● Goal of the exercise
Give back exactly the lines that start at the one containing "Let's make one" and run to the end of the material, leaving out the pictures.

● The data
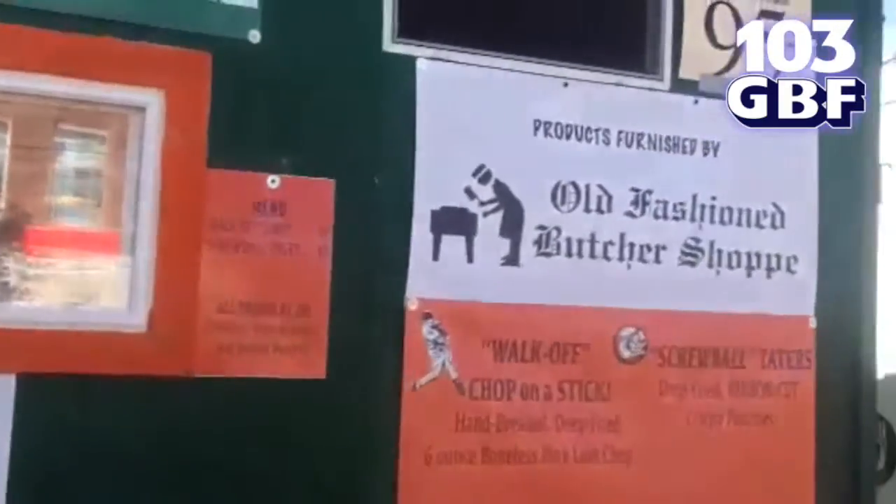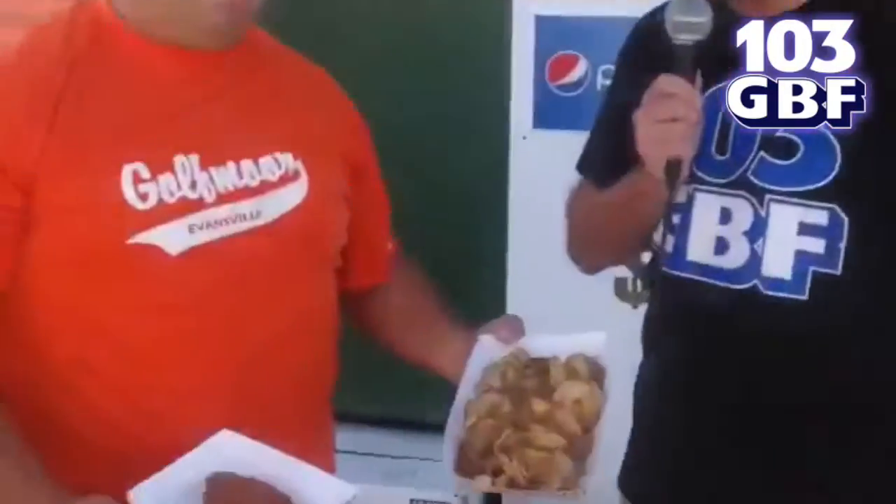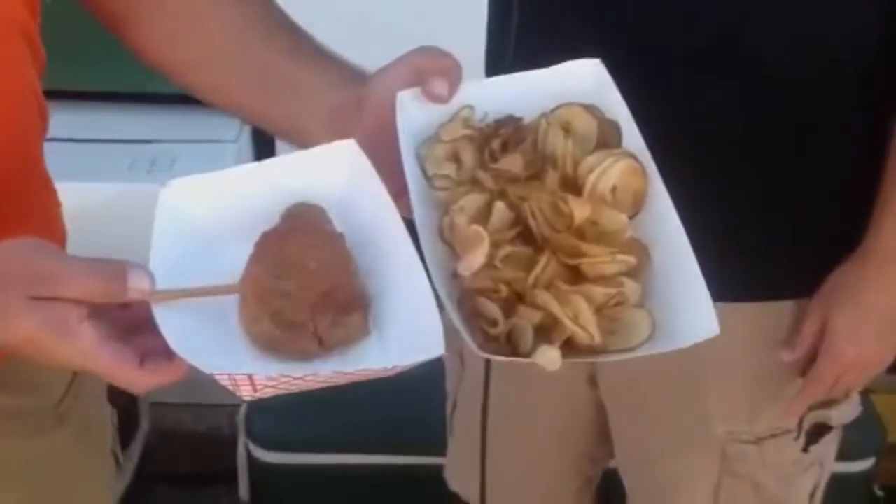In addition to the great food, you're going to see some of these lovely ladies inside — just in here making chops, you know. The screwball and the walk-off — it's a home run!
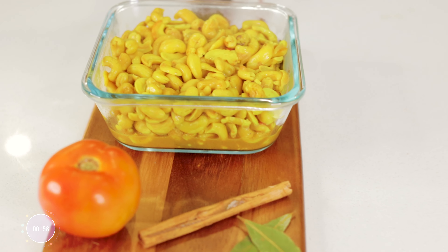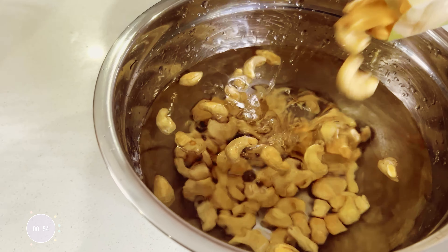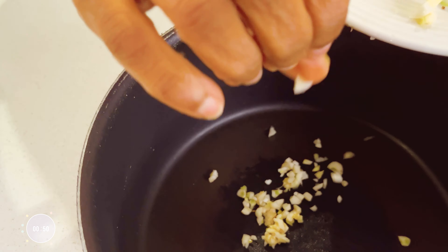Let's make one of my favorite vegan-friendly dishes, the Sri Lankan cashew curry. Soak organic, unroasted cashews to start the process.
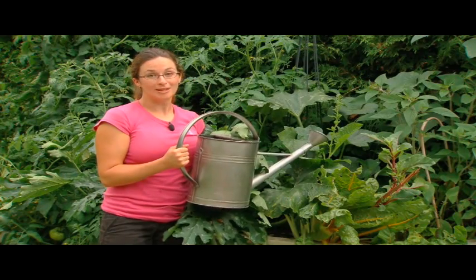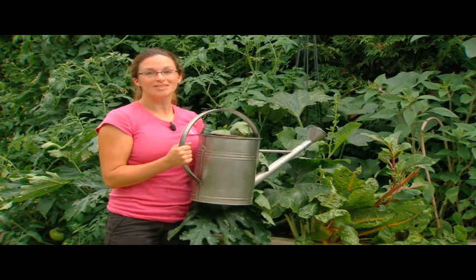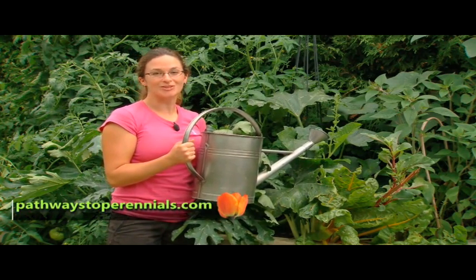So you want to be the one eating the vegetables — don't leave them for the bugs. For more information on natural insect control, visit us online at www.pathwaysoberanials.com.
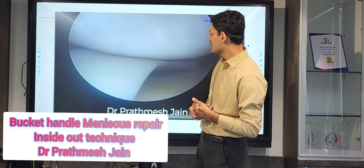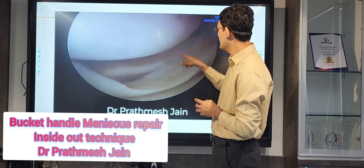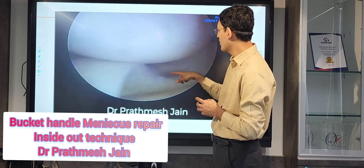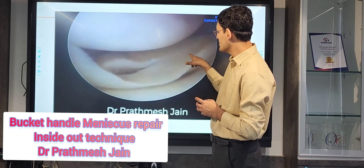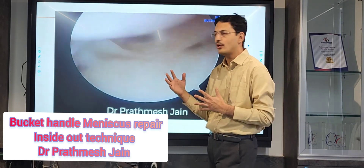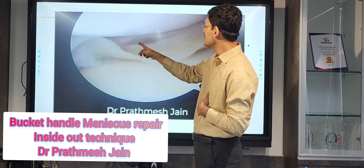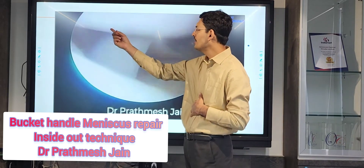This is one such case in which the patient has a locked bucket handle tear. You can see that the femur is on the top and the tibia is on the bottom. There is a tear present — this is a locked tear, and sometimes it is a double locking, meaning you have two levels of tear: one here and one on the back side.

● Expected output
Let's make one of my favorite vegan-friendly dishes, the Sri Lankan cashew curry. Soak organic, unroasted cashews to start the process.
So you want to be the one eating the vegetables — don't leave them for the bugs. For more information on natural insect control, visit us online at www.pathwaysoberanials.com.
This is one such case in which the patient has a locked bucket handle tear. You can see that the femur is on the top and the tibia is on the bottom. There is a tear present — this is a locked tear, and sometimes it is a double locking, meaning you have two levels of tear: one here and one on the back side.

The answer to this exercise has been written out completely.